3.3. Use of (Dutch) intermediate companies
Withholding taxes on dividends, interest and royalties are often seen as an important impediment to international enterprises. The withholding taxes can be high and may even lead to double taxation. Dutch tax treaty policy aims to lower withholding tax rates and so does the European Union’s policy (cf. the Parent-Subsidiary Directive and Interest- and Royalty Directive). Such withholding taxes are often mitigated by the use of conduit or intermediate companies in jurisdictions with the best tax treaty network. The Netherlands has one of the most wide spread tax treaty networks and is therefore often seen as a favorable jurisdiction for an intermediate company.

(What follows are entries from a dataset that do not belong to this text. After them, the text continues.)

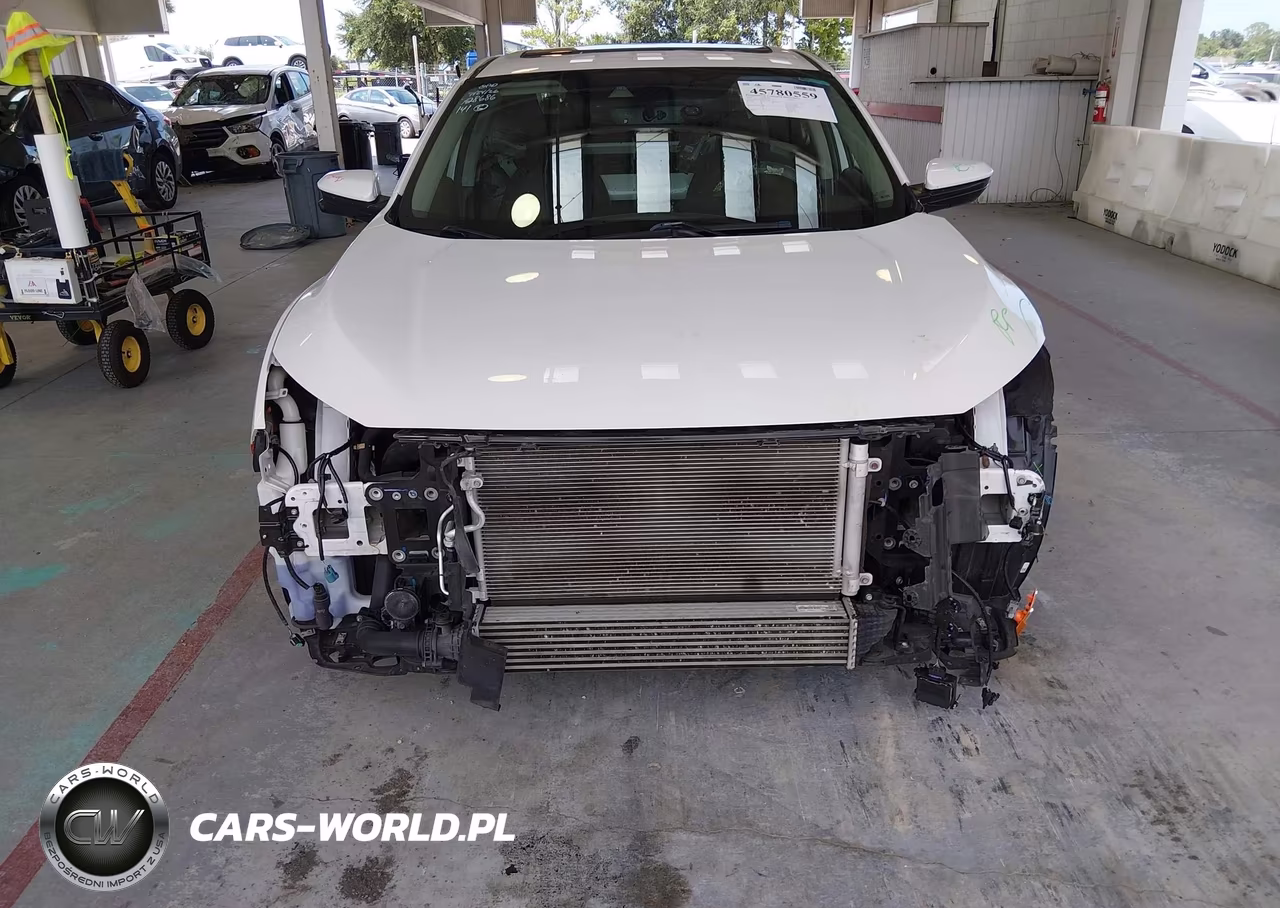2020 Honda Civic Ex-L VIN:19XFC1F75LE016962 - 13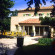 Фото Best Western Le Val Majour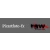 Logo Picartfoto-FX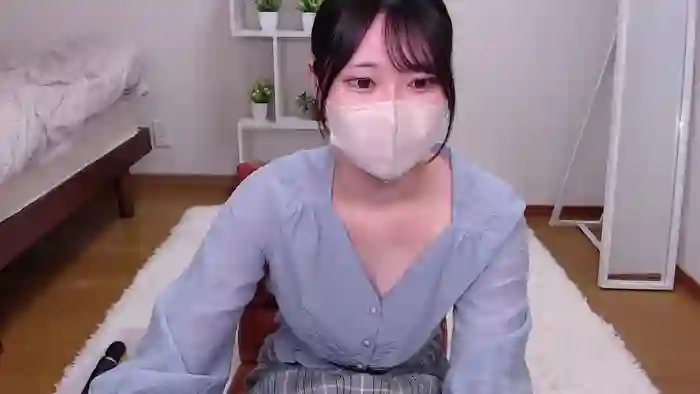 xxMOEKA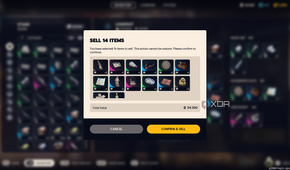 arc-raiders-coin-haul-loot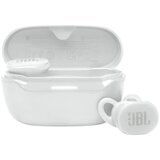 JBL Endurance Race 2 White Bežične bubice | ePonuda.com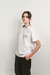 Imagem do T-Shirt Mirror - White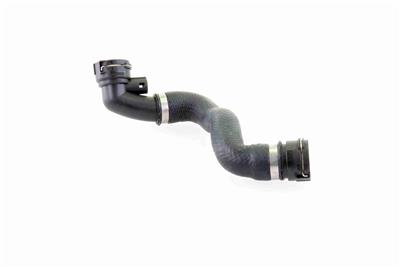 VAICO V20-1275 EAN: 4046001513626.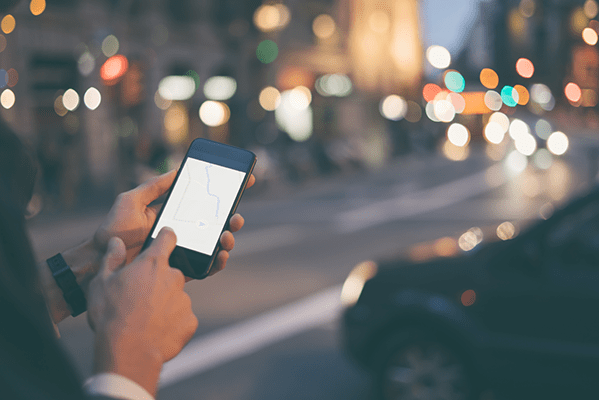 Harman Law Huntersville,  Office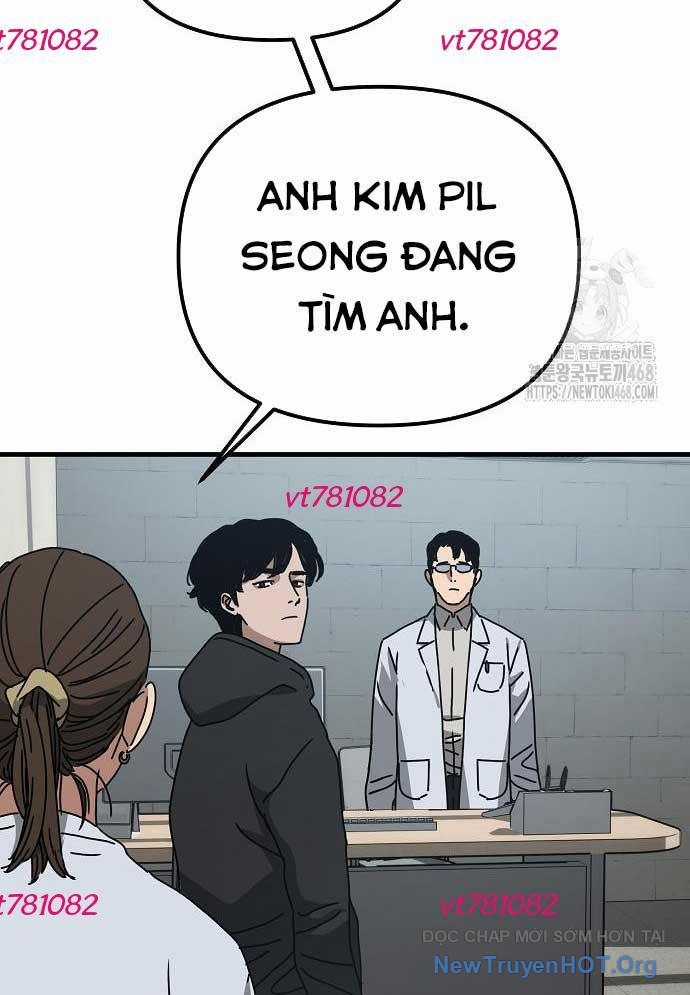 D-Day: Hầm Trú Ẩn - Chapter 45 - Trang 79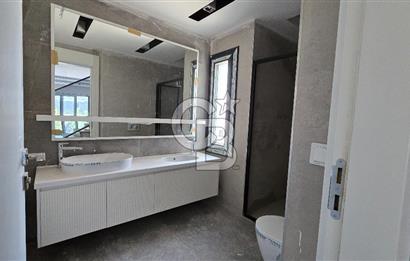 Stadyuma Yürüme Mesafesinde, Yeni Nesil Lüks Villa! LUXURY HOME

Other reasons may also play an important role to incorporate a Dutch intermediate company in an international structure, e.g. cash pooling, use of the broad network of Bilateral Investment Treaties (BITs), the high quality legal services, the stable political environment and the possibility to obtain advance tax rulings. Obviously substance rules will always have to be taken into account in respect of intermediate companies. Provided these companies have sufficient substance in the Netherlands, the Dutch tax treaty network is available as well as certain Dutch corporate tax facilities.
The issues of profit allocation to low-tax jurisdictions and international arbitrage between tax systems are not specific Dutch topics. Therefore, the Netherlands cannot solve these issues by itself. The State Secretary will not consider solving these issues unilaterally because that would not work and could harm the competitive position of the Netherlands and its corporate residents.
The Netherlands will participate actively in the forums of both the OECD and the EU that will analyze the issues. According to the State Secretary, two aspects are important for the Netherlands in finding appropriate international measures to fight tax avoidance. It is crucial that the solutions are laid down in 'hard law', binding to countries and that they are not just recommendations ('soft law'). It is also important that the different nature of the economies of the countries is taken into account. For the Netherlands this means that the proposed solutions would take into account the open nature of the Dutch economy providing sufficient room for the Netherlands to maintain an effective tax system that supports investments in the relevant sectors of Dutch economy, but also leave room for a Dutch tax system that supports companies established in the Netherlands to spread their wings internationally.